**What is required**
Your answer should consist only of the lines below from the one with "https://cdn.tinyview.com/archie/2021/09/16/41-dudes-rock/P1.jpg" through the one with "V-Festival-Weston-Park-20120819 The-Proclaimers-Cz2j3610", copied exactly.

**Dataset entries**
== == ==
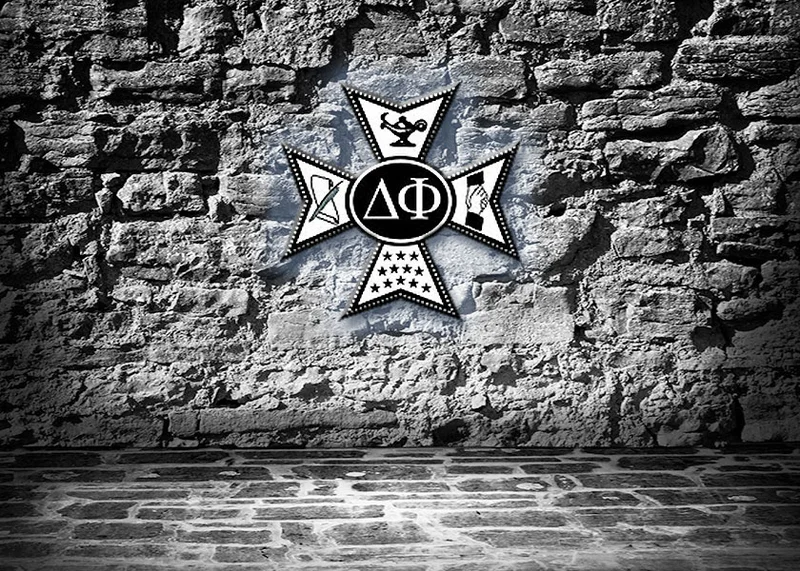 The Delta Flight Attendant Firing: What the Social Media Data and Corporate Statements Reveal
== == ==
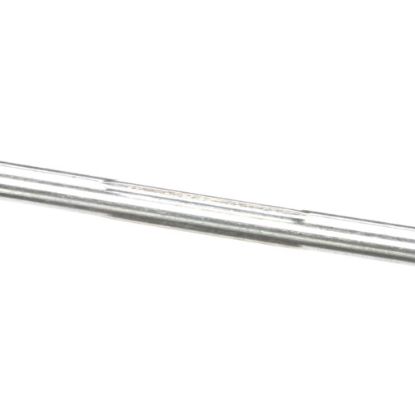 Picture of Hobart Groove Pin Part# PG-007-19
== == ==
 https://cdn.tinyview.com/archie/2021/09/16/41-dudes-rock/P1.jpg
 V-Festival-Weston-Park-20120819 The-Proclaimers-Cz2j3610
== == ==
**Response area**
 https://cdn.tinyview.com/archie/2021/09/16/41-dudes-rock/P1.jpg
 V-Festival-Weston-Park-20120819 The-Proclaimers-Cz2j3610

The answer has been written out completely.